The Case of Gennady Afanasyev

posted 22 Sept 2015, 07:24 by Rights in Russia   [ updated 22 Sept 2015, 07:28 ]
11 September 2015

Source: HRO.org (info
Тhe so-called 'Crimean prisoner' Gennady Afanasyev, who was sentenced to seven years in a high-security prison, has been transported to a colony in Komi. This was reported on Twitter by the lawyer Aleksandr Popkov, citing the Public Oversight Commission for the Rostov region. In court Afanasyev retracted accusations he had made against Oleg Sentsov and Oleksandr Kolchenko, alleging that he had been put under pressure and had undergone torture.

The Memorial Human Rights Centre (Moscow) has recognised Afanasyev as a political prisoner.

The precise penal colony to which Afanasyev has been sent has not been confirmed. According to the website of the Federal Penitentiary Service in Komi, there are two penal colonies for first-time offenders in operation in the region. They are IK-25 in Syktyvkar and IK-51 in the city of Emva, 130km north of the region's capital. In addition, IR-49, a high-security prison for former employees of the courts and law enforcement agencies, operates in the city of Pechora, in the north-east of the region, a little way south of the Arctic Circle. Because Afanasyev briefly worked in the Zheleznodorozhny district prosecutor's office of Simferopol, it cannot be ruled out that he has sent to that colony.

Afanasyev is 24 years old. He was detained in Simferopol on 9 May 2014 and claims to have been subjected to pressure and torture, as a result of which he gave false testimony against himself, the film director Oleg Sentsov and left-wing activist Oleksandr Kolchenko. Afanasyev refused the services of independent lawyers. He also rejected Ukrainian citizenship and was granted Russian citizenship.

Gennady Afanasyev made a deal with the prosecutor's office, and the case against him was separated off from the cases of the other two defendants. On 17 December 2014 Moscow City Court, having considered Afanasyev’s case, sentenced him in a special procedure. It has not been reported whether the convicted man might file an appeal.

Under a pre-trial agreement, Afanasyev was supposed to appear in the North Caucasus District Military Court on 31 July in the Sentsov and Kolchenko trial.

He maintains that security officials told him that he should opt out of testifying (Art. 51 of the Russian Constitution) so that lawyers for the defendants would not be able to ask him questions.

However, appearing in court, Gennady Afanasyev retracted his testimony, explaining that he had given it under torture.

He then enlisted the services of the lawyer Aleksandr Popkov and declared that he would be seeking a review of his case.

According to the lawyer Popkov, Afanasyev does not deny that he committed certain crimes, but he disagrees that they should be classified under the article on terrorism. He also admitted involvement in the arson attacks on United Russia HQ in Simferopol on 14 and 18 April 2014 respectively, but said that he knows nothing about plans to blow up the monument to Lenin in the Crimean capital.

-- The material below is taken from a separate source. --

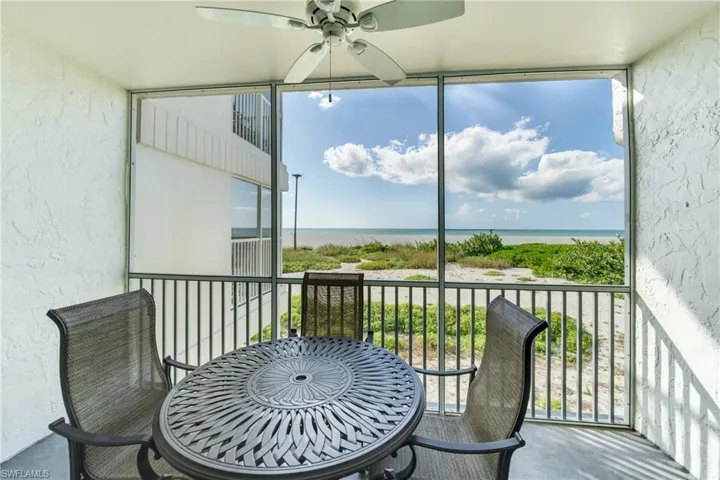 Sunroom / solarium featuring a water view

After retracting his testimony on Sentsov and Kolchenko, Gennady Afanasyev claims that he was threatened by investigators in Rostov remand prison, and on 6 August, as one inmate testifies, one of them attacked Afanasyev, inflicting a heavy blow on the leg.

On 12 August the lawyer Aleksandr Popkov reported that Afanasyev had been transported from Rostov remand prison-1 without his relatives or defence team being informed. While the lawyer has managed to establish the whereabouts of his client, he has not disclosed this information, citing a request by the mother of the convicted man, who feared, "that he would be transferred once again".

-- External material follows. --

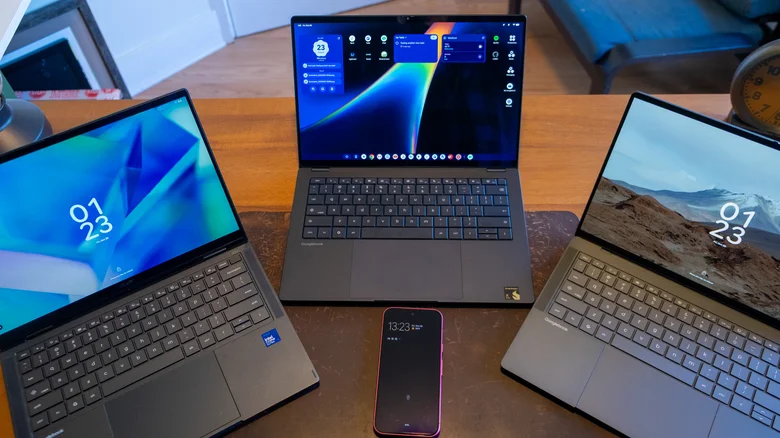 Three Googlebooks sitting on a desk with a Pixel 11 phone.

On 22 August 2015 Moscow City Court refused to allow the lawyer Aleksandr Popkov to take part in the case of Gennady Afanasyev. The court demanded that the lawyer first sign a non-disclosure agreement in respect of certain "classified information". But the lawyer would sign no such thing, explaining that he did not know which of the case files had been marked ‘classified’ and which had not.

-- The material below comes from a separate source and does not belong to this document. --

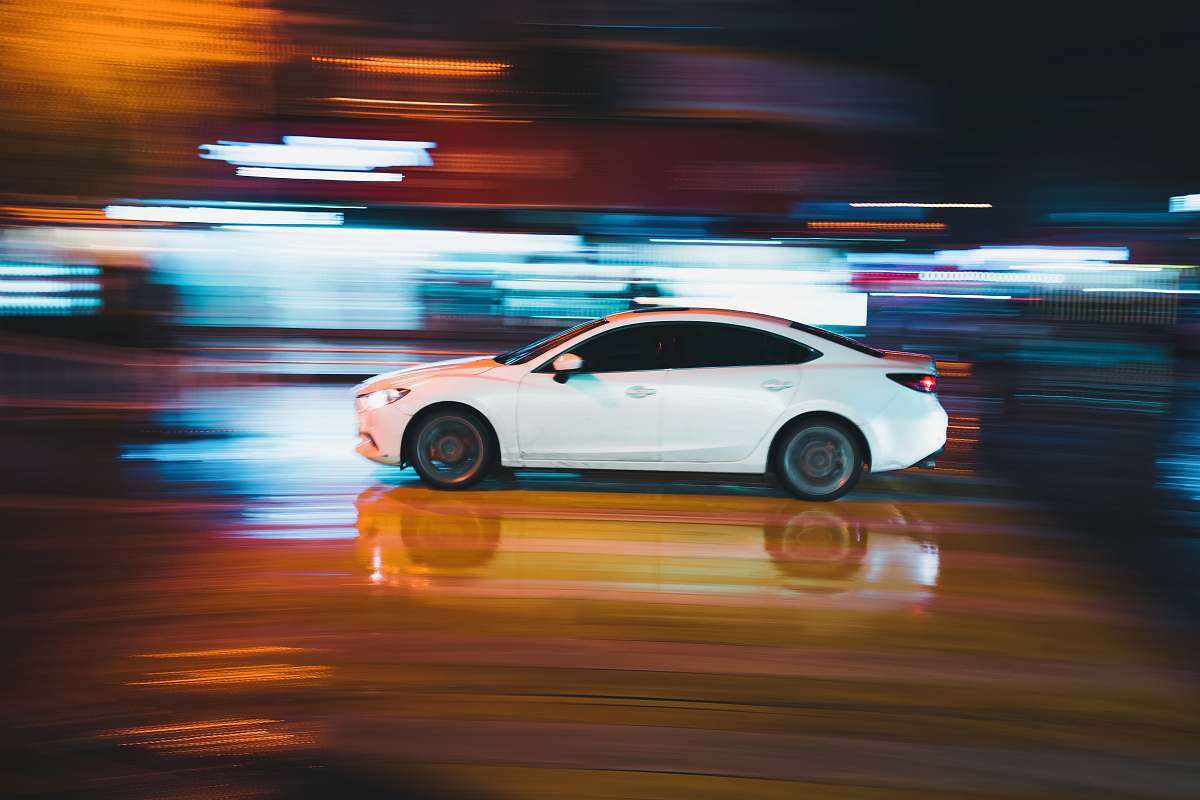 sports car timelapse photography of white sedan automobile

"If they have classified all of the information, then I cannot show anything to journalists or any kind of experts, nor can I share it with my colleagues," said lawyer Aleksandr Popkov. Any contact with a foreign journalist, and I would be in the dock for treason."

On 25 August 2015 Oleg Sentsov and Oleksandr Kolchenko were sentenced to 20 and 10 years respectively in a high-security prison. They have been recognised by the Memorial Human Rights Centre as political prisoners.